Re: Script to cut rsync file list by upto 95%

  • Quote

Post by jmglov » Fri Jun 04, 2004 1:42 am

NickDaFish wrote:Long story short I ended up writing this script...
And quite a nice script it is! May I suggest one change?

Change this:
NickDaFish wrote:

Code: Select all

# Add the args
for arg in sys.argv[1:]:
    pkgl.append(arg)
To this:

Code: Select all

# Add the args
for arg in sys.argv[1:]:
    pkgl.append(arg)
    print 'Adding package ',arg,'\n';
Note that I have suggested that your script be added to gentoolkit:

http://bugs.gentoo.org/show_bug.cgi?id=47715

Cheers!
Josh Glover <jmglov@gentoo.org>
Gentoo Developer (http://dev.gentoo.org/~jmglov/)
Top
NickDaFish
Tux's lil' helper
Tux's lil' helper
User avatar
Posts: 112
Joined: Thu Sep 12, 2002 4:24 pm
Location: Boston, USA

Re: Script to cut rsync file list by upto 95%

  • Quote

Post by NickDaFish » Mon Jun 07, 2004 3:42 pm

jmglov wrote:May I suggest one change?

Change this:
NickDaFish wrote:

Code: Select all

# Add the args
for arg in sys.argv[1:]:
    pkgl.append(arg)
To this:

Code: Select all

# Add the args
for arg in sys.argv[1:]:
    pkgl.append(arg)
    print 'Adding package ',arg,'\n';
I don't *think* the

Code: Select all

,'\n';
is really required.... You've been doing too much C :wink:
jmglov wrote:Note that I have suggested that your script be added to gentoolkit:

http://bugs.gentoo.org/show_bug.cgi?id=47715

Cheers!
Cool..... I would be honored to have one of my sripts in the distro :D

However someone who knows what's going on in the portage tree should have a bit of a look and make sure I'm not doing samething daft (Missing important branches or something).

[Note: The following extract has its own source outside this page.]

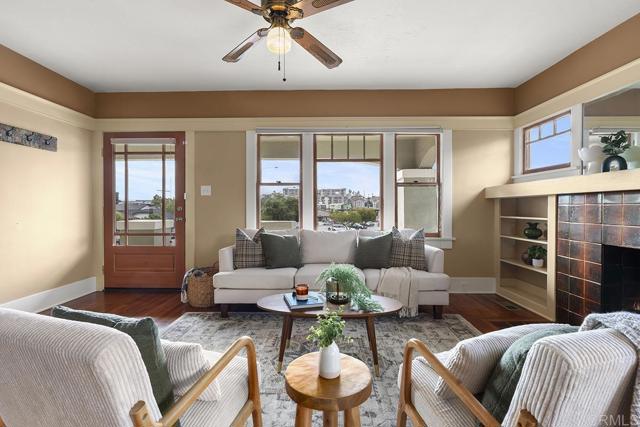 3805 Louisiana Street, San Diego CA: https://media.crmls.org/mediaz/8a65de4c-b561-448e-8662-d52f198dc703.jpg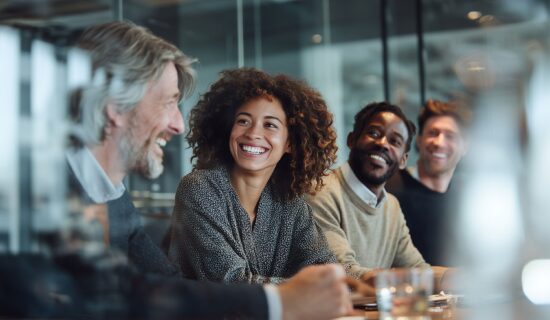 L’IA peut-elle automatiser la confiance dans la gestion de patrimoine ? Pourquoi la technologie doit renforcer, et non remplacer, les relations humaines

I built alot of it through trial and error.....
Top
ruth
Retired Dev
Retired Dev
Posts: 640
Joined: Sun Sep 07, 2003 1:56 pm
Location: M / AN / BY / GER

  • Quote

Post by ruth » Mon Jun 07, 2004 6:52 pm

hi,
i really _love_ your script... ;)
works great...
thanks a lot...

rootshell
"The compiler has tried twice to abort and cannot do so; therefore, compilation will now terminate."
-- IBM PL/I (F) error manual
Top
soth
Apprentice
Apprentice
User avatar
Posts: 207
Joined: Fri Sep 12, 2003 12:27 am

  • Quote

Post by soth » Tue Nov 23, 2004 8:14 pm

Splendid idea!
Though, I seem to be doing something wrong:

Code: Select all


root@raziel ~/shellscripts # ./prlock.py                                                           
./prlock.py: line 30: syntax error near unexpected token `if'
./prlock.py: line 30: `    if not re.match('[\w|-]+/[\w|-]+',arg):'
root@raziel ~/shellscripts # nano prlock.py                                                        
root@raziel ~/shellscripts # ./prlock.py                                                           
./prlock.py: line 35: syntax error near unexpected token `('
./prlock.py: line 35: `for line in open('/etc/make.conf','r').readlines():'
root@raziel ~/shellscripts # ./prlock.py                                                           
root@raziel ~/shellscripts # nano prlock.py                                                        
root@raziel ~/shellscripts # ./prlock.py                                                           
./prlock.py: line 42: syntax error near unexpected token `('
./prlock.py: line 42: `if not os.path.isdir('/etc/portage'):'
root@raziel ~/shellscripts # nano prlock.py                                                        
root@raziel ~/shellscripts # ./prlock.py                                                           
./prlock.py: line 47: syntax error near unexpected token `('
./prlock.py: line 47: `pkgl = os.popen('/bin/bash /usr/bin/qpkg -nc -I','r').readlines()'

I tried to comment out the stuff it was complaining about and got the above, which leads me to think I missed something, which I cannot figure out.
would love to use it, but maybe I'm too stwuped =/
- Never argue with an idiot. They just drag you down to your level and beat you with experience.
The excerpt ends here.